After a little, Mr. Spruce became uneasy, and his utterance thick. He, too, sauntered to the corner, and made a little circuit of observation around the room; then he went to the door and made a spittoon of all creation!

This process was continued until a sense of the ludicrous began to grow painful, and Mr. Spruce,  somehow, became conscious that he was being laughed at by the girl he adored.

He then gravely took the quid from his mouth and deposited it in his pocket for safe keeping, until he retired. As he went out the gate, the girls saw him replace the identical quid in his mouth again, and such a shout as went up at poor Ida's expense!

Ida was never at home to Mr. Spruce, after that.

There was an economy and untidiness in that display that quite uncharmed her, and she generally closed allusions to him with a, "the filthy creature!"

One and another came in, and conversation was lively, when Mr. Hermann was announced.

It was now Grace's turn to be embarrassed. As the two were known to be friendly, they were soon chatting in the bay window in the coziest manner.

Mr. Hermann was too much of a gentleman to make use of a quid. He simply placed a bit of tobacco in his mouth, and used it as one does a globule. So he talked and nibbled, and nibbled and talked, until, in a moment of forgetfulness, he ejected the accumulating saliva through the open window.

A fresh breeze was stealing up from the river just then, and bore it back directly upon Grace's parted lips. At that moment Grace's eyes dashed toward Alice, who was regarding her sister with quizzical satisfaction.

Mr. Hermann was never aware of what happened. He only knew that he never could have a cozy chat with Grace after that interview. He is trying to solve the problem of his disappointment, to this day, and had nibbled innumerable pounds of tobacco in the vain attempt to understand why Grace should have cut such a nice young man!

The person who had been seen to ride by the house so often, at last found opportunity to enter. He was quiet, respectful, and never at a loss for cultivated topics of conversation. His breath, when he spoke, did not taint the atmosphere. It was a pleasure to look at the wholesome mouth and polished teeth which gave utterance to his ideas; and there was a straightforward, manly, honest look about the whole face, as if the man's conscience was clean, too!

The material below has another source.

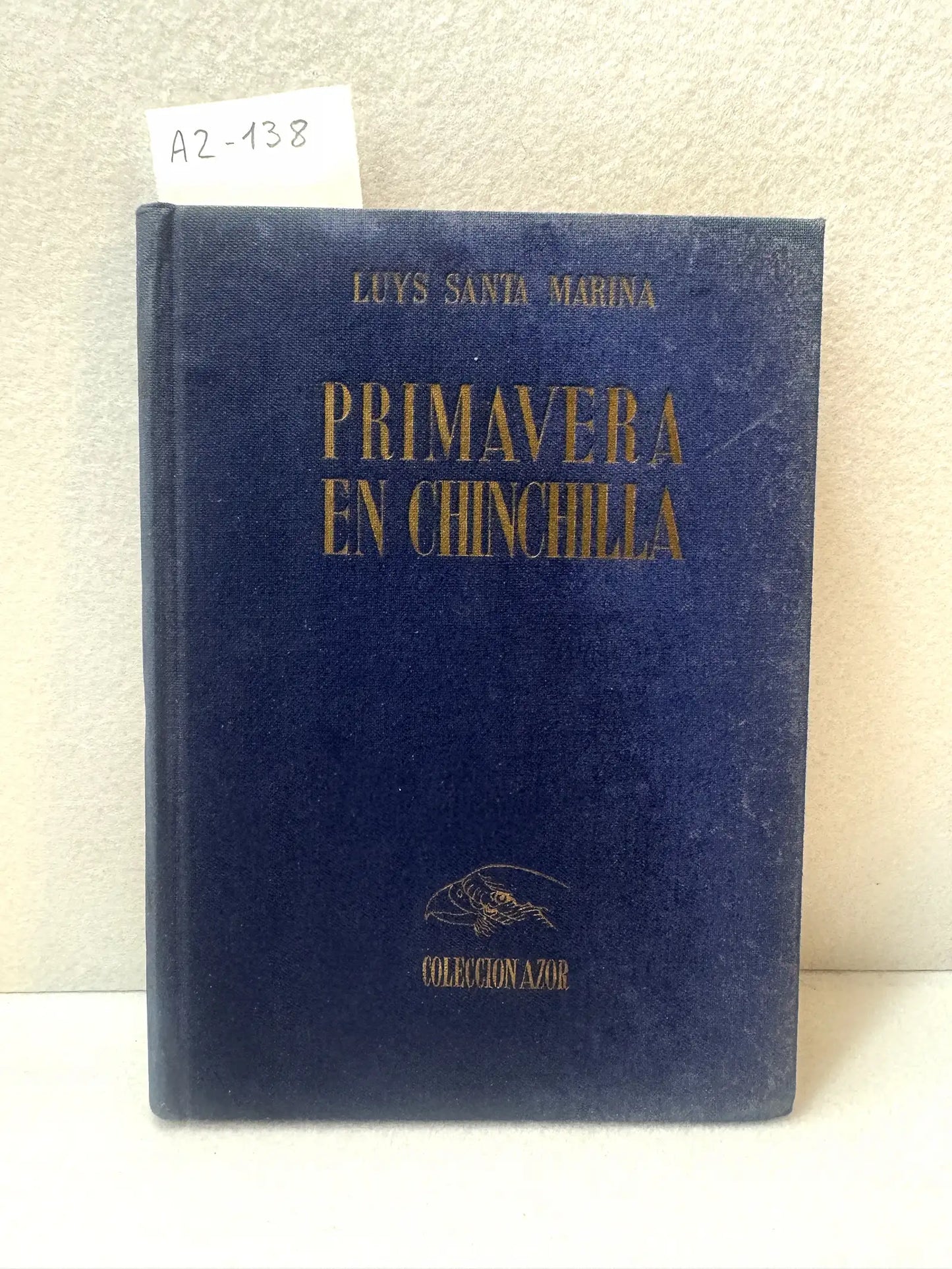Primavera en Chinchilla.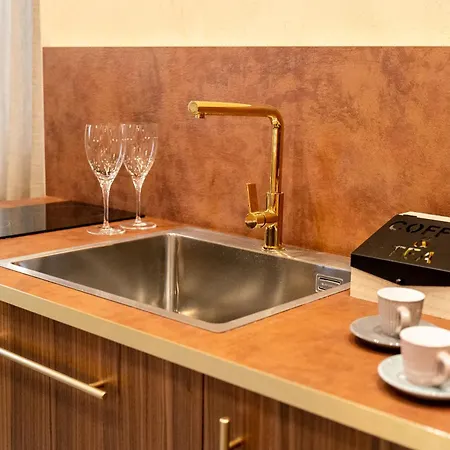 Dependance Cara Giulietta Apartment *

There was no need of a spittoon for this young gentleman's entertainment. Whether he read, or sang, or conversed, there was a dignity and appropriateness in all he did, that made him a favorite with young and old.

The young men we have cited were representative youths, and it will not require much reflection for the reader to decide to which class he belongs. If not to the latter, he is to be commiserated, for he will eventurally regret his own folly more deeply than others can regret it for him.

We never knew exactly what became of the spittoon left on the grass plat, but it certainly never found its way back to Mrs. Hall's parlors. Tobacco chewers came to be shy about taking their quids with them when they went to call upon the ladies there.

On one occasion the missing article was alluded to, and an expression of public opinion called for.

"Well, what is a feller to do, who uses the parlor, like this?" asked Mr. Snip, putting his thumbs into his vest pockets, and leering toward Miss Alice, as he shifted his quid from one cheek to the other.

"He would be likely to feel like a pig in a strange pen" was the saucy answer.

"But suppose a gentleman comes in here"...

"Excuse me for interrupting you, but allow me to say, Mr. Snip, that no gentleman ever has or ever will come into this parlor with tobacco in his mouth."

Mr Snip subsided.

Mrs. Hall said, when she reflected upon the subject that, "if no accommodations were made for the indulgence of bad manners in private parlors, she was certain gentlemen would be more careful and thoughtful about their habits: and, for her part, she never again would tempt young men to enter her parlors with quids, by keeping there any thing that served as a spittoon."

"Miss Alice is a pretty creachoir," drawled Mr. Snip, as he drew on his gloves in the hall, "but, zounds! don't she slap a feller right in the face...ah!

" A fellow deserves to be slapped in the face, that cannot open his jaws without salivating himself," was the curt reply.